Dropout.backward(dX)[source]

Wrapper for epynn.dropout.backward.dropout_backward().

Parameters

dX (numpy.ndarray) – Output of backward propagation from next layer.

Returns

Output of backward propagation for current layer.

Return type

numpy.ndarray

def dropout_backward(layer, dX):
    """Backward propagate error gradients to previous layer.
    """
    # (1) Initialize cache
    dA = initialize_backward(layer, dX)

    # (2) Apply the dropout mask used in the forward pass
    dX = dA * layer.fc['D']

    # (3) Scale up gradients
    dX /= (1 - layer.d['d'])

    layer.bc['dX'] = dX

    return dX    # To previous layer

The backward propagation function in a Dropout layer k includes:

  • (1): dA the gradient of the loss with respect to the output of forward propagation A for current layer k. It is equal to the gradient of the loss with respect to input of forward propagation for next layer k+1.

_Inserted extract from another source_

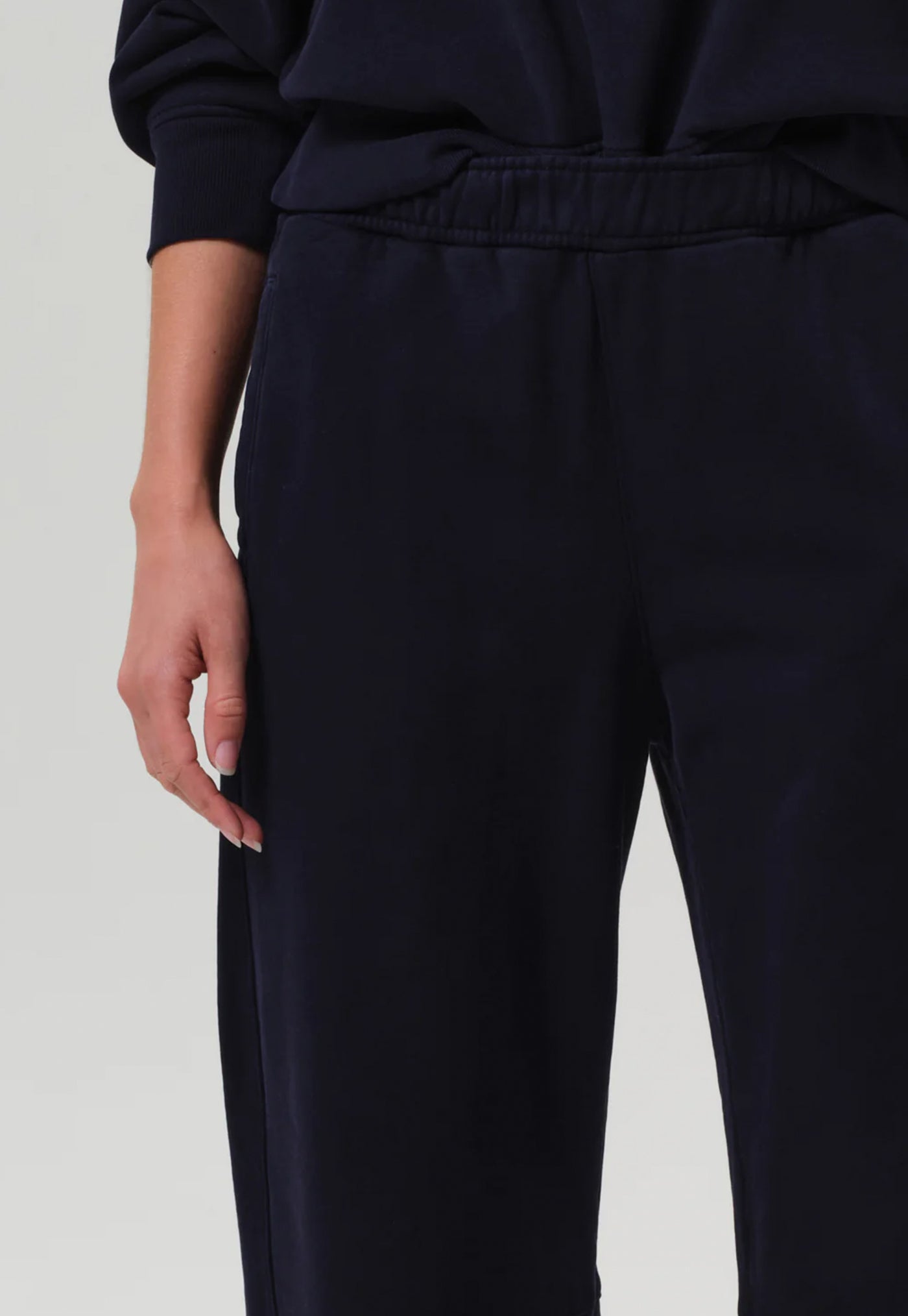 Miro Sweatpant - Navy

  • (2): The gradient of the loss dX with respect to the input of forward propagation X for current layer k is equal to the product between dA and the dropout mask D.

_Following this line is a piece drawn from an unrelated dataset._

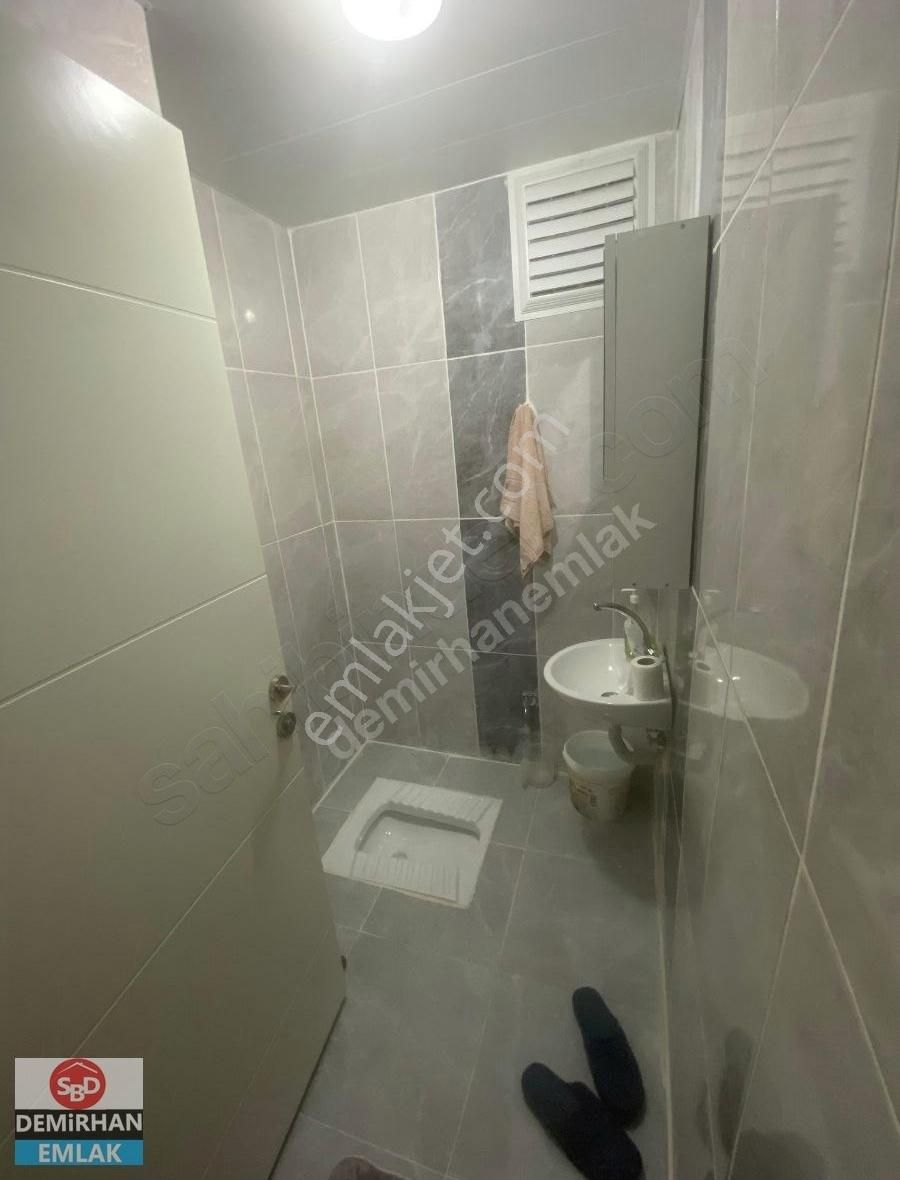 Demirhan Emlak'tan Cadde Üzeri Satılık 2+1 Daire - Görsel 14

  • (3): Values in dX are scaled-up with respect to fraction of data point that were set to zero by the dropout mask D.

\[\begin{split}\begin{alignat*}{2} & \delta^{\kp}_{mn} &&= \frac{\partial \mathcal{L}}{\partial a^{k}_{mn}} = \frac{\partial \mathcal{L}}{\partial x^{\kp}_{mn}} \tag{1} \\ & \delta^{k}_{mn} &&= \frac{\partial \mathcal{L}}{\partial x^{k}_{mn}} = \frac{\partial \mathcal{L}}{\partial a^{\km}_{mn}} = \frac{\partial \mathcal{L}}{\partial a^{k}_{mn}} * D'^{k}_{mn} * \frac{1}{(1-d)} \tag{2} \\ \end{alignat*}\end{split}\]

Gradients

Dropout.compute_gradients()[source]

Wrapper for epynn.dropout.parameters.dropout_compute_gradients(). Dummy method, there are no gradients to compute in layer.

The Dropout layer is not a trainable layer. It has no trainable parameters such as weight W or bias b. Therefore, there is no parameters gradients to compute.